----- Source data -----

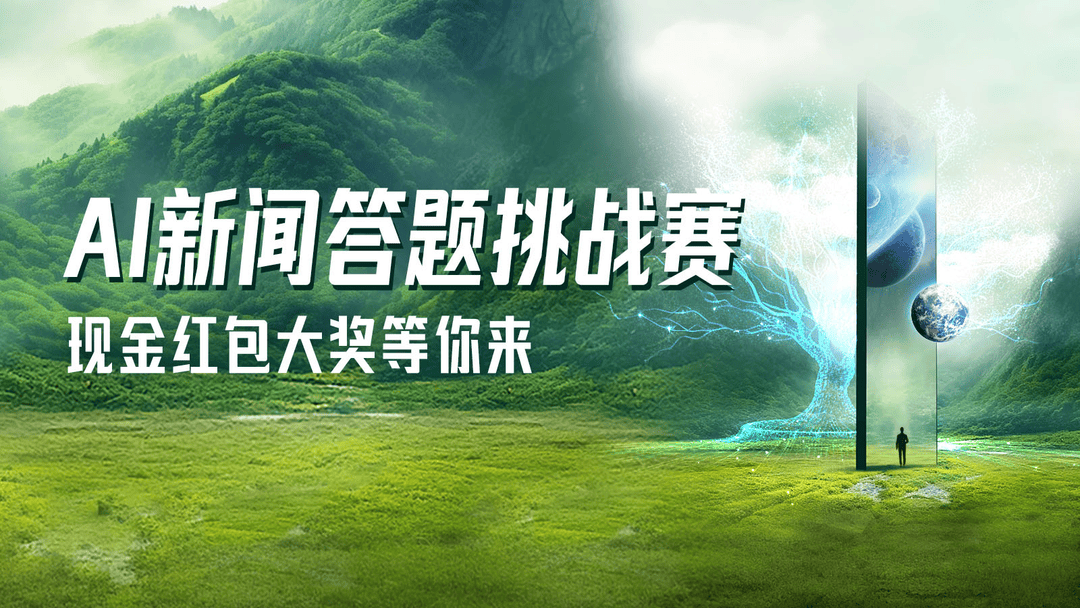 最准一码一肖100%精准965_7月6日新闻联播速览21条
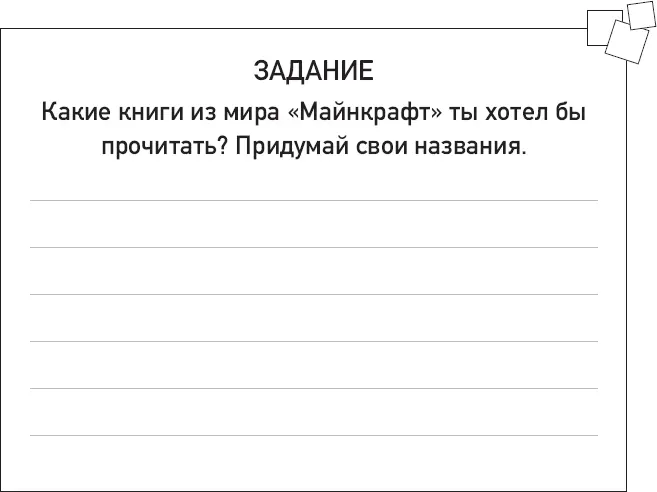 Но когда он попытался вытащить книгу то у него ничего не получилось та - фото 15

-----
----- Source data -----

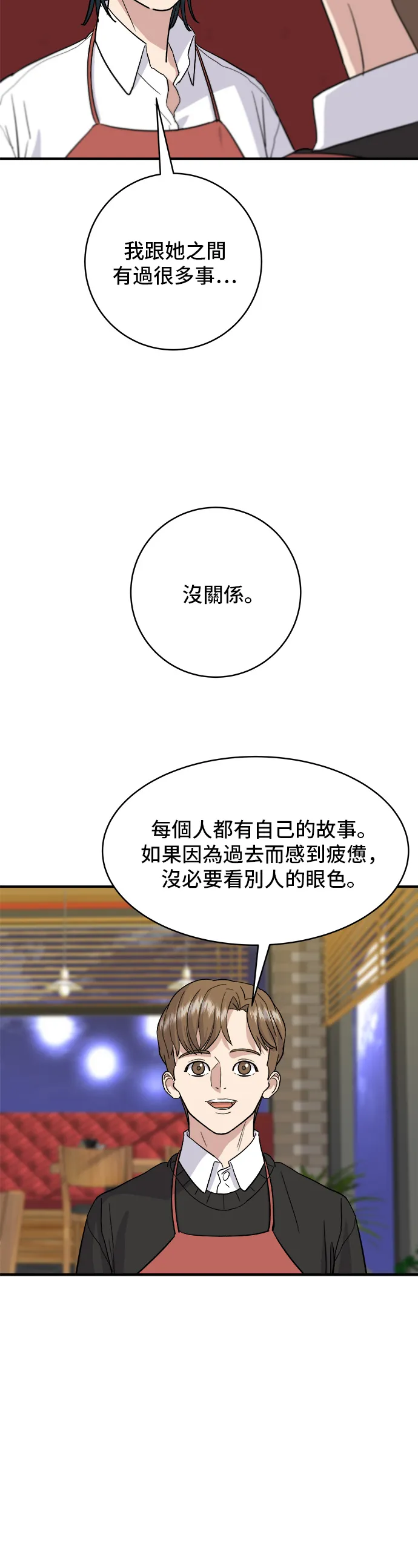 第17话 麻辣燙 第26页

-----

▶ _Aim of the exercise_
Your answer must be everything above from the line with "最准一码一肖100%精准965_7月6日新闻联播速览21条" down to the line with "Но когда он", word for word, and no pictures.

▶ _Written response_
 最准一码一肖100%精准965_7月6日新闻联播速览21条
 Но когда он попытался вытащить книгу то у него ничего не получилось та - фото 15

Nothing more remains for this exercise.